Make your website and its contents user friendly and searchable.

A visitor should not only easily find his way inside the website, but also know at once what are available and unavailable from the site. There should be a site map and a search facility to help the visitor locate what he is looking for. Similarly, we do not want a walk-in client wandering in the bank’s lobby at a loss on where to go and what to find. Directional and descriptive signages to guide visitors are just as important in websites as in physical office sites. Make your website readable. Avoid fine prints. If it’s not important, don’t show it at all. Text in small fonts are irritating to the eyes and the visitor. If you want your visitor to have a hard time reading a page, why publish it? Show pictures of people – officers, employees, customers. Humanize your site. A bank’s website need not be as intimidating and unfriendly as the stereotyped bank and its ATM. Conspicuously inform potential e-clients in your web site about the convenience and security of e-banking. Establish trust from the very first page of the site – the homepage. The homepage should appear like a helping hand (Let me help you. Here’s what we can do for you. ) rather than an impersonal face (What do you want? Click here).
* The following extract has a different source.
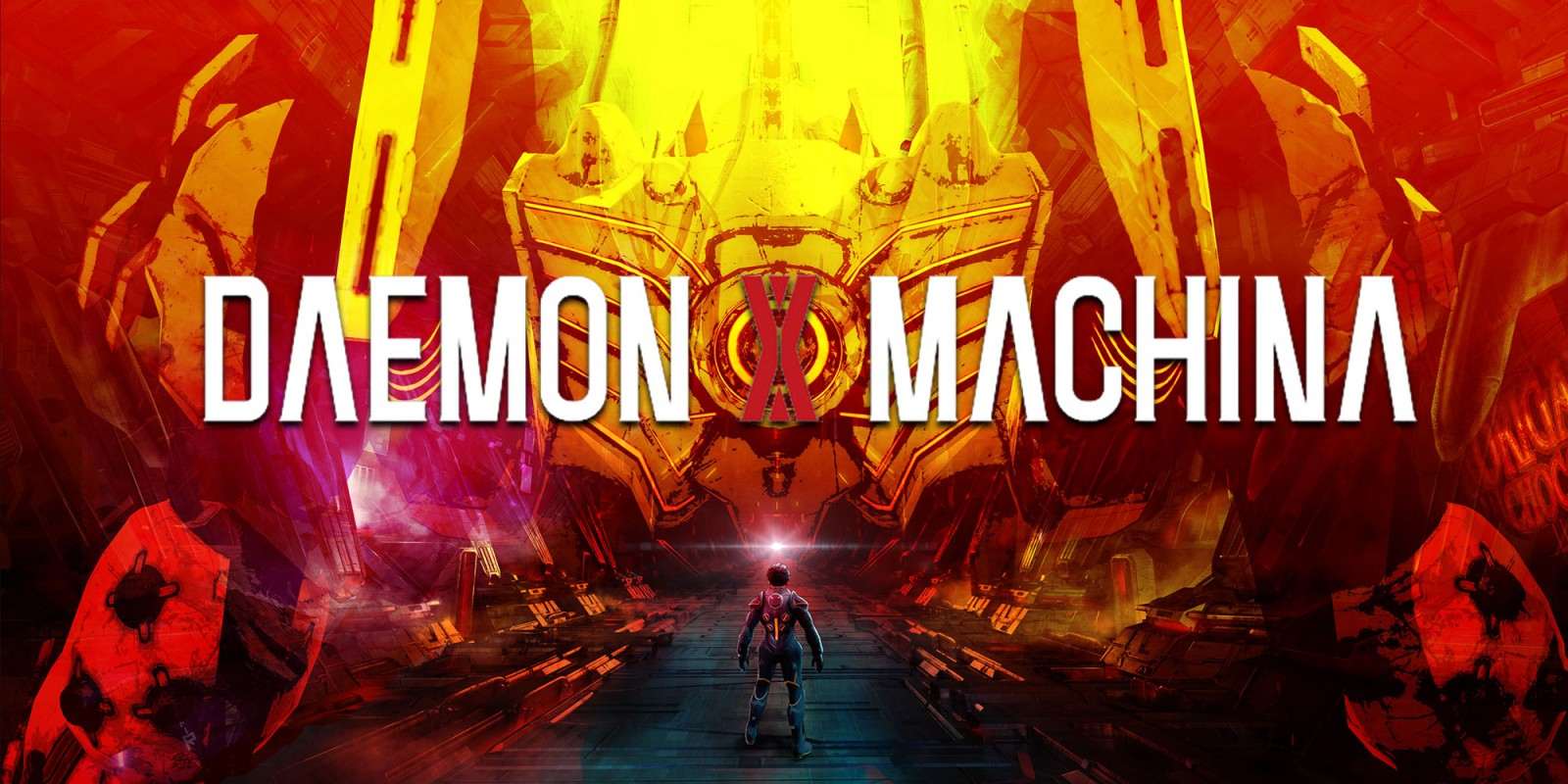 Daemon X Machina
Choose functionality over elegance.

A website need not be elegant to be personal and human. As explained above, a minimum of descriptive and readable formats should suffice in most cases. To me, the most personal and friendly website is the most functional because it makes my life and browsing easy. In order words, choose content over form. Don’t cover up content inadequacies with bells and whistles. Banking is such a serious affair that a website visitor wants to be satisfied first before entertained, not the other way around. I have seen so many e-banking websites, but none so far have included a searchable map and location of its ATMs which can help one find the nearest one from where he is staying. Of course, these websites have animated gifs and blinking text to mask its lack of content.

Don’t sacrifice speed with control and security.
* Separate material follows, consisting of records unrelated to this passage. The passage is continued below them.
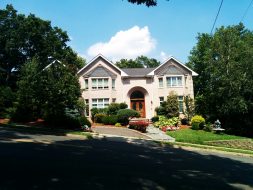 house in New Jersey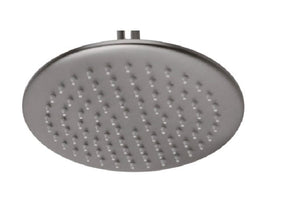 ZENMO Showers SH F0801BN NIKO Shower Head Brushed Nickel Finish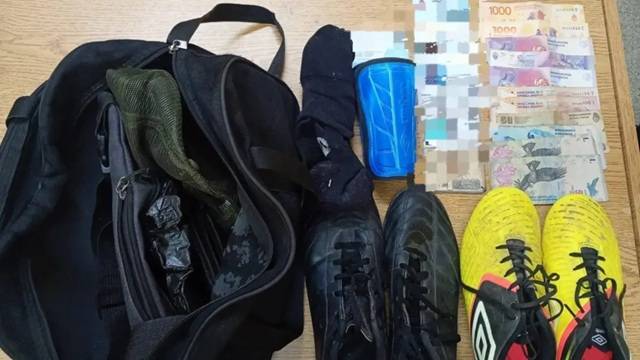 CORRIENTES: Fue Atrapado Mientras Huía Con Un Bolso Que Robo Momentos Antes
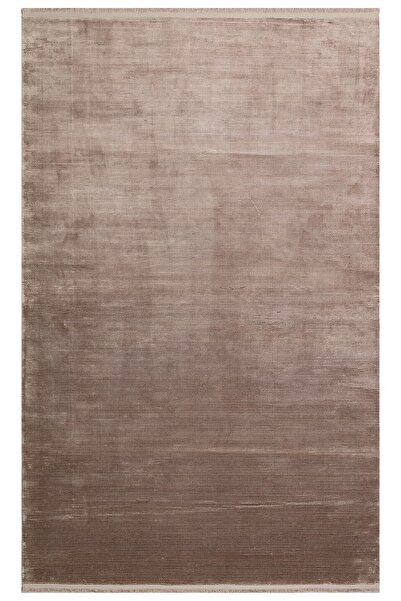 Eko Halı Cordoba Plain New Db Plain Vizon Nw Viskon Ve Akrilik Ile Üretilen M...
Too much elegance and bells and whistles can severely slow down the website – in access, download, and response times. Another cause of or excuse for slow speed is control and security. Without argument, an e-commerce website, especially that of a bank, should be well secured to gain trust and encourage usage. But speed should not be compromised in the process. Remember the original mission of e-commerce: to make transacting faster and more convenient for the clients than the real world. If the website fails to accomplish this mission because of control, then it loses its appeal, its primary advantage, and reason for existence. The challenge is how to develop or choose the technology that will make your e-commerce fast, friendly, safe, and secure to users at the same time.
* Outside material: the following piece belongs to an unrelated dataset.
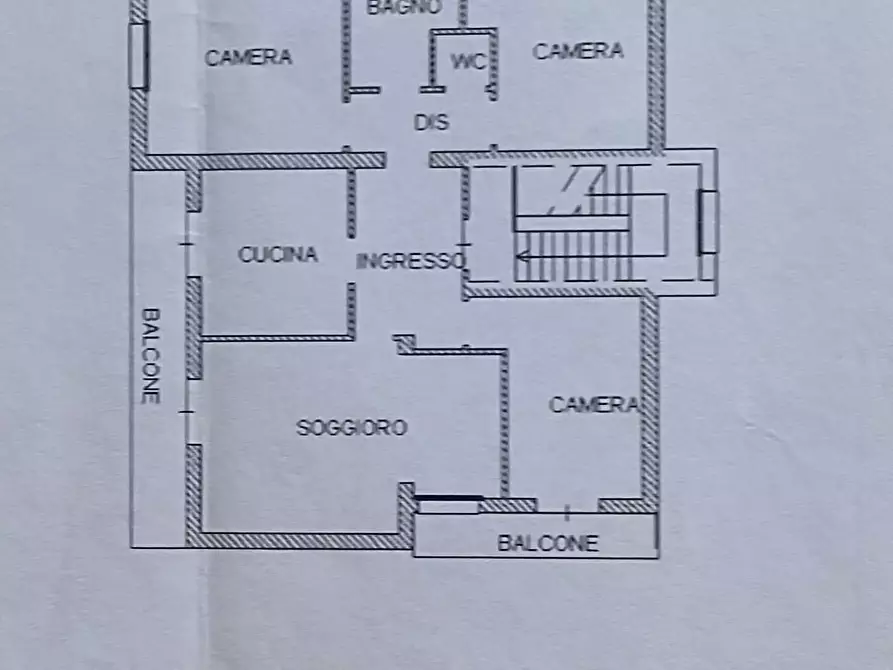 Immagine 30 di Quadrilocale in vendita  in Via Bosco degli Estensi 654 a Zocca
An Asian bank set about venturing into e-commerce. Its system engineers (the e-plumbers) began building layers of firewalls to foolproof the website, in accordance with the security standards set. When the CEO pilot tested it, he fumed after experiencing a long 13 minute wait just to access the most basic information. He castigated his hardware and software engineers for lacking in mindware, and not thinking like a customer or user. He ordered them to go back to the drawing board with the new mindset. The dumbfounded engineers thought they met their security objectives, which they did. The new plumbing made the site a lot faster without comprising control. The engineers were pleasantly surprised by their accomplishment and confessed it was the first time they did their work from the users’ point of view.

The moral of the story: Don’t let programmers, analysts, engineers, and other nerds manage your e-commerce. Sure they can design and install it, but let somebody else do the managing and directing. It is prudent to let your marketing department manage your the e-commerce project and supervise your IT group. Your website, your frontline front office window to the world, is too important to be given to the whims and fantasies of engineers, programmers, and other back-room personnel. Remember, it is your powerful sales and marketing weapon and customer service tool.